Twitter / TVP Sport / Na zdjęciu: studio TVP Sport
Twitter / TVP Sport / Na zdjęciu: studio TVP Sport

Przed sesją wieczorną pierwszego dnia lekkoatletycznych mistrzostw Europy w Rzymie doszło do niespodziewanej sytuacji. Nagle w studiu TVP Sport nastąpiło poruszenie, wynikające z wyjątkowej okazji,

W piątek 7 czerwca rozpoczęły się lekkoatletyczne mistrzostwa Europy w Rzymie. W sesji porannej odbyły się przede wszystkim serie eliminacyjne. Wieczorem odbędą się pierwsze finały, w których zobaczymy pierwszych reprezentantów Polski. O medale powalczą Klaudia Kardasz (pchnięcie kulą), Oskar Stachnik (rzut dyskiem) i sztafeta mieszana 4x400 metrów.

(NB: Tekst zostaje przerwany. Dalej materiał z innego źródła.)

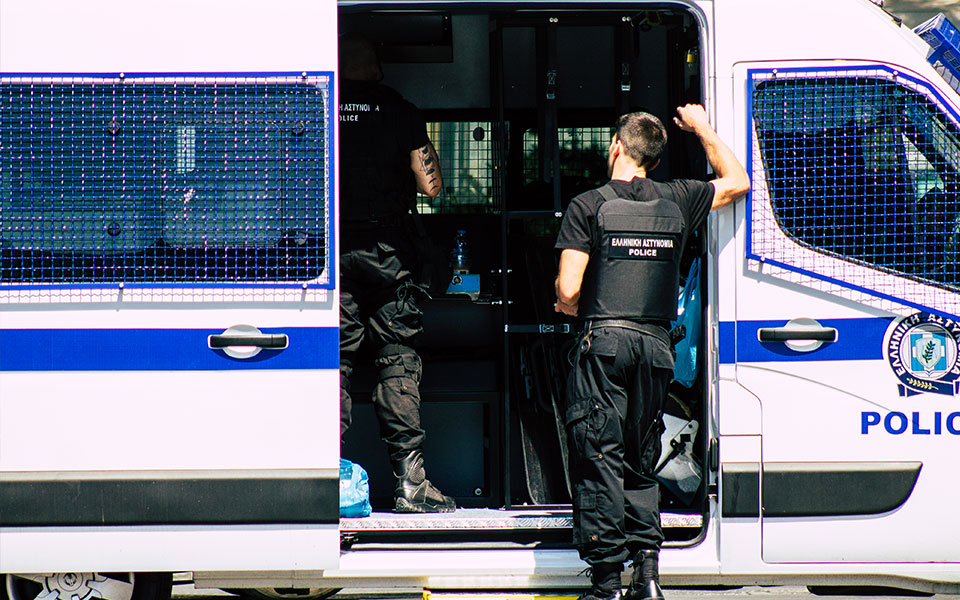 πειραιάς-απείλησαν-ηλικιωμένες-αδερ-562279519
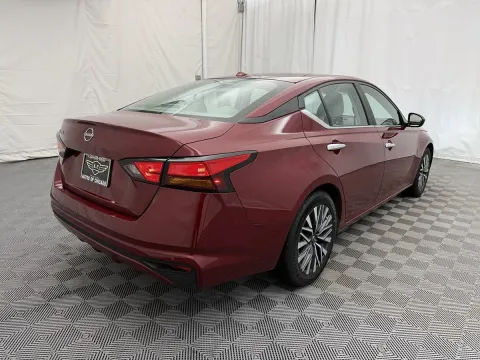 More photos of 2025 Nissan Altima SV at Autos of Chicago, IL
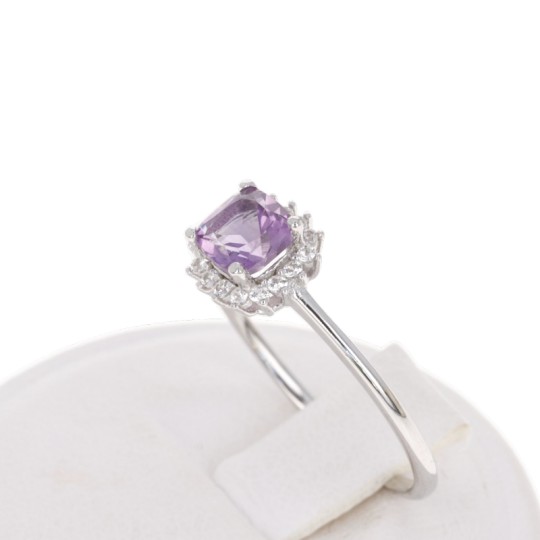 Ring mit Amethyst- und Topas-Einfassung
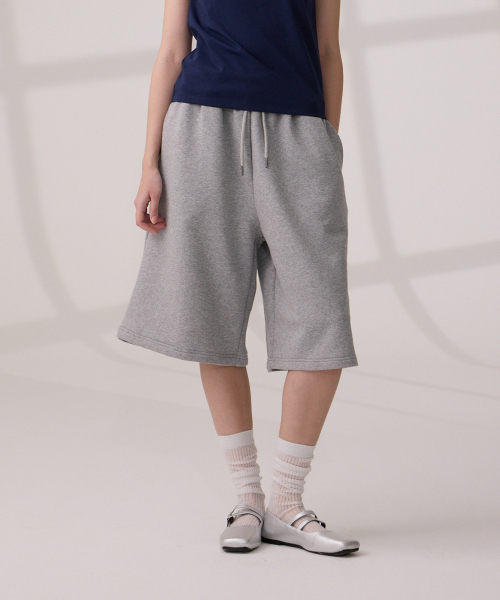 DANGLEDROP(ダングルドロップ)の「DGDPサイドレタリングスウェットバミューダパンツメランジグレー(その他パンツ・レディース・その他・M/S)」の4枚目の写真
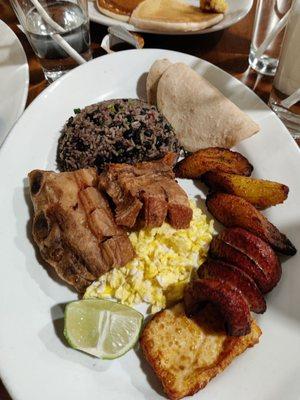 Gallo pinto con chicharrón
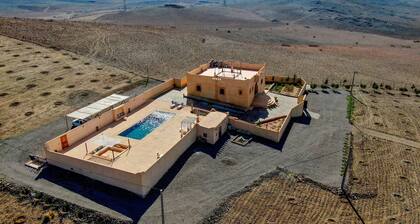 Villa sur Colline Avec Piscine son Vis-à-vis,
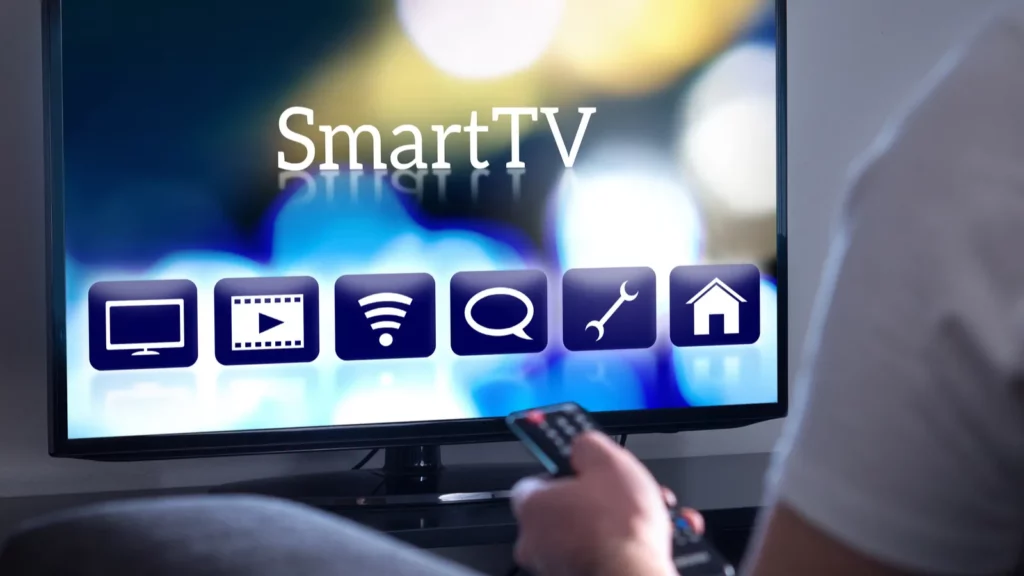 Asmuo, naudojantis „Smart TV“ nuotolinio valdymo pultą.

Rywalizację najlepszych lekkoatletów naszego kontynentu można śledzić na antenach TVP Sport. Oprócz transmisji z zawodów można tam znaleźć studio, którego prowadzącym jest Aleksander Dzięciołowski. W roli ekspertów realizują się z kolei biegaczka Małgorzata Hołub-Kowalik oraz były dyskobol Piotr Małachowski.

Przed startem piątkowej rywalizacji w sesji wieczornej doszło do nieoczekiwanej sytuacji. Nagle wszyscy obecni w studio wstali, a Dzięciołowski zaczął składać życzenia Małachowskiemu, który dokładnie 7 czerwca obchodzi urodziny, w tym roku 41. Nie zabrakło oczywiście odśpiewania "Sto lat". Cała sytuacja wyraźnie zaskoczyła naszego dwukrotnego wicemistrza olimpijskiego.

ZOBACZ WIDEO: Zachwyty nad urodą Joanny Jóźwik. "Moje osiągnięcia są sprawą drugorzędną?"

"Dziękuję bardzo, jak zwykle wielka niespodzianka. Nie potrafię i nie lubię otrzymywać prezentów, więc bardzo serdecznie dziękuję. Jestem wzruszony" - podsumował był dyskobol.

Małachowski ma bardzo dobre wspomnienia z mistrzostwami Europy. Dwukrotnie zdobywał bowiem złote medale tej imprezy. Miało to miejsce w Barcelonie w 2010 roku i sześć lat później w Amsterdamie. Dodatkowo może się pochwalić mistrzostwem świata (Pekin 2015) i dwoma srebrami czempionaty globu (Berlin 2009 i Moskwa 2013). Wspomniane już sukcesy na igrzyskach odniósł w Pekinie w 2008 roku i osiem lat później w Rio de Janeiro.